Canada was among the first states to ratify the treaty establishing the ICC, and at the same time it implemented its treaty obligations by enacting new domestic war crimes legislation. This new law, passed in 2000, clarifies that Canadian courts can hear cases against those accused of committing or aiding and abetting war crimes, crimes against humanity and genocide.
Since 2000, however, the government's commitment has waned. In the eight years since the new law came into force, the government has only initiated one prosecution of an alleged war criminal - despite the fact that the government has hundreds of open files on suspected war criminals currently in Canada.
A big part of the problem: The government has not increased its War Crimes Program budget in 10 years. The vast majority of that budget is allocated to dealing with suspected war criminals by sending people out of the country or preventing them from entering in the first place. This gives no regard to the interests of victims and the potential contribution to deterring future atrocities, nor does it take into account the fate of the named individual who has little opportunity to respond to the allegations and may face persecution upon return to the home country.
Canada's civil law system is an equally ineffective means of redress for victims of atrocities who have fled to Canada or who are Canadian citizens. Canadian torture victims have failed in their attempts to sue in Ontario courts governments such as Syria and Iran, because foreign states and their agents have immunity from such claims.
The United Nations Committee against Torture, the body that monitors state compliance with obligations under the Convention Against Torture, has criticized Canada for failing to provide an effective remedy for victims of torture in these cases. For a country like Canada, which has put itself forward as a defender of international human rights and international justice, not to follow through with its moral and legal commitments sends a dangerous signal to other states. In reassuming its leadership role, the Canadian government should focus on both criminal prosecutions and civil law reform.

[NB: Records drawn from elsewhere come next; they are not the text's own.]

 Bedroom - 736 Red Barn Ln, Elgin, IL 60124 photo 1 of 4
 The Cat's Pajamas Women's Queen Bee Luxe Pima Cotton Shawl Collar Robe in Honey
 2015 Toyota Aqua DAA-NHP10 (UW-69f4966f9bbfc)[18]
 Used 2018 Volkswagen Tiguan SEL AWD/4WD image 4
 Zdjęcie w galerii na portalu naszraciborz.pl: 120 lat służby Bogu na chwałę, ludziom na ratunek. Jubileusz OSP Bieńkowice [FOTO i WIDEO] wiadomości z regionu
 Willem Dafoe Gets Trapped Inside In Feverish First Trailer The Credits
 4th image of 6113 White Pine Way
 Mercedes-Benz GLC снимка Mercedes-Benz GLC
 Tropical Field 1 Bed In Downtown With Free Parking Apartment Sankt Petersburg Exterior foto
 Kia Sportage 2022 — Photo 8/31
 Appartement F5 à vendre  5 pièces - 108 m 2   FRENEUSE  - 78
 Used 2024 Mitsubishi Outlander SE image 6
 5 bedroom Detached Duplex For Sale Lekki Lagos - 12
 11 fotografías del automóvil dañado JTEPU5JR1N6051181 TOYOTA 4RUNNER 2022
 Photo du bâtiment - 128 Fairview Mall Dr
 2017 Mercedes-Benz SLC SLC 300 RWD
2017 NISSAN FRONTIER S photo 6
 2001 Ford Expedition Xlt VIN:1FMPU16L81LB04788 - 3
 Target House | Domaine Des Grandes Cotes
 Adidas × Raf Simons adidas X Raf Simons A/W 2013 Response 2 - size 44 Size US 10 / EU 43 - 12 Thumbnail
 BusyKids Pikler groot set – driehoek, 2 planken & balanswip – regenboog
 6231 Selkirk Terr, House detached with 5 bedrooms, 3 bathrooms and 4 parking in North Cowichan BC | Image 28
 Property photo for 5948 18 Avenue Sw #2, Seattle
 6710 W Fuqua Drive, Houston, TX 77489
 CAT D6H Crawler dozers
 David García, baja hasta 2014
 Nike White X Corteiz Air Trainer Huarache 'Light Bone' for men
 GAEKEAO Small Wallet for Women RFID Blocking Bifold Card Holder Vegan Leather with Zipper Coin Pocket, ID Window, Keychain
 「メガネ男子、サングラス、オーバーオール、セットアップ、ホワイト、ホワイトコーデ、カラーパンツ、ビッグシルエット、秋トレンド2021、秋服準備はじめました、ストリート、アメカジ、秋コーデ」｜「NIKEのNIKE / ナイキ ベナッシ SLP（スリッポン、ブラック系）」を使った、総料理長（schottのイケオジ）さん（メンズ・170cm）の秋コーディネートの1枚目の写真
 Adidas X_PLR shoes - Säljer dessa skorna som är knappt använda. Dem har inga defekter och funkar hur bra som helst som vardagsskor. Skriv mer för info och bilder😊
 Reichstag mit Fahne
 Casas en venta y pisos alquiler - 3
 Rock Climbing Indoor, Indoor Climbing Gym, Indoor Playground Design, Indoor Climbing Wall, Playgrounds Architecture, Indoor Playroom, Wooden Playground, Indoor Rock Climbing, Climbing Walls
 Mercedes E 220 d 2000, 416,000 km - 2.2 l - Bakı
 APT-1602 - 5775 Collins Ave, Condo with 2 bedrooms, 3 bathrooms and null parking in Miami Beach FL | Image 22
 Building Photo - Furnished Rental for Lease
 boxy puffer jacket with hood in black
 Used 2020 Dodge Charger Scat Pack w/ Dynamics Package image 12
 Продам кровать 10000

How? First of all, it needs to increase its funding of the federal War Crimes Program, specifically for investigations and prosecutions of those suspected of having committed the most serious international crimes. At a minimum, the government should reallocate its spending within the program to give investigations and prosecutions of suspected war criminals a higher priority.
Secondly, in order to provide an effective remedy for victims of atrocities committed by foreign states, Canada's State Immunity Act needs to be amended to provide for the possibility of holding foreign governments and individual government officials accountable where they plan, participate in or are complicit in the most egregious violations of international law.
Canadians want an end to violence in Darfur -- and worldwide. The time has come for an unequivocal commitment by the Canadian government to help prevent such atrocities and to provide a measure of redress for victims through the use of Canadian courts.
Lloyd Axworthy was Canada's foreign affairs minister from 1996 to 2000. Penelope Simons teaches international law at the University of Ottawa. Both are affiliated with the Canadian Centre for International Justice.